Killer Odd Couple Elevates Routine Revenge Fantasy in 'The Mechanic'

Killer Odd Couple Elevates Routine Revenge Fantasy in 'The Mechanic'


Those who remember the 1972 thriller The Mechanic, starring Charles Bronson as an impenetrably stoic hit man who takes a murdered friend’s son as his apprentice, will recognize the key players in Simon West’s louder, more aggressive remake.

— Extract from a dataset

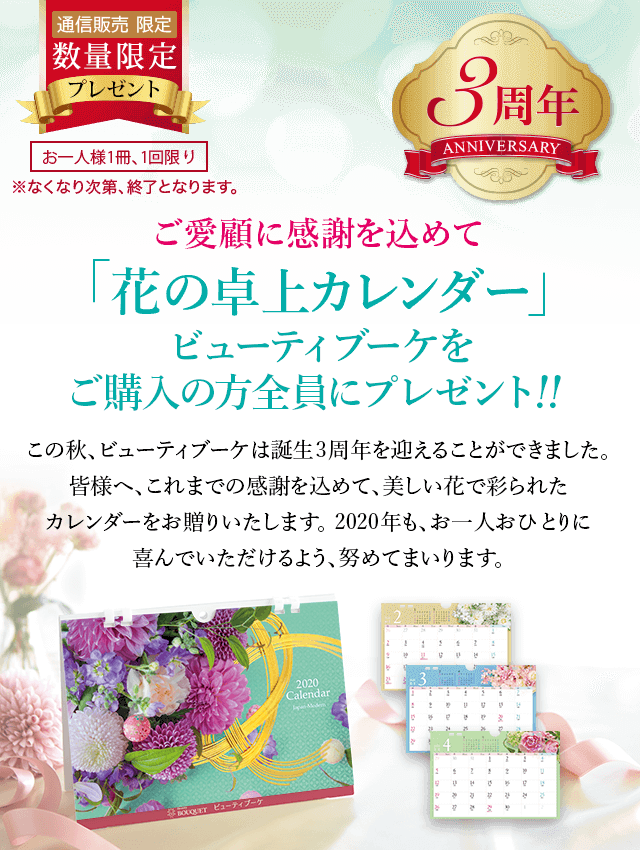 通信販売限定 数量限定 お一人様1冊、1回限り ※なくなり次第、終了となります。 ご愛顧に感謝を込めて「花の卓上カレンダー」ビューティブーケをご購入の方全員にプレゼント!!この秋、ビューティブーケは誕生3周年を迎えることができました。皆様へ、これまでの感謝を込めて、美しい花で彩られたカレンダーをお贈りいたします。2020年も、お一人ひとりに喜んでいただけるよう、努めてまいります。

Jason Statham is Arthur Bishop, younger but no less disillusioned than Bronson’s solitary killer; Ben Foster is Steve, his depraved understudy; Donald Sutherland is Harry, Bishop’s friend and Steve’s estranged father, whose association with the murder-for-hire crowd ends as violently as one might expect.
Where West’s update diverges from Michael Winner’s more cynical original is not just in its reliance on flashier, better-choreographed set pieces and funked-up New Orleans blues, but also in its pacing. If Bronson moved to the cadence of a death march, a drawn-out requiem for an executioner losing his taste for the work, Statham’s hurtles toward a climax that’s less diabolical but more satisfying.
Rather than echoing the original’s grim meditation on the soullessness required of men who kill for pay, the new Mechanic gives Bishop a conscience. Ordered to snuff out Harry, his mentor, for reasons that seem to make sense at the time, Statham’s assassin hesitates long enough to betray his misgivings. There’s a heart beneath his icy exterior, a sentimentality missing in Bronson’s machine-like predecessor.
As if to pay the debt he owes his murdered friend, Bishop adopts Steve, his loose-cannon son, as a protégé, and it’s easy to see why. Steve is a natural killer, even more so than Bishop – restless, directionless and eager to channel his rage into the savage beatings he savors. Bishop’s touch is almost imperceptible. Steve prefers to get his hands dirty.
Strange bedfellows they make, but Bishop, whose paternal instincts override his common sense, welcomes the company. Isolated as his profession demands, his only intimacies fly-by-night visits with a prostitute, Bishop is an outcast by choice, and not a happy one. Steve brings something fresh to his grim routine, and Foster’s kinetic energy plays nicely against Statham’s calculated reserve.
Credit West and screenwriter Richard Wenk (16 Blocks) with toning down the existential angst of Lewis John Carlino’s original story and emphasizing its strengths – the escalating tension that threatens the killers’ tenuous friendship, and the bruising mayhem their partnership yields.
The new Mechanic is a more conventional exercise than the clumsily ambitious tale that inspired it, but it’s constructed sturdily enough to pass the time, with a sure-handed cast punching up what would otherwise be a routine revenge fantasy.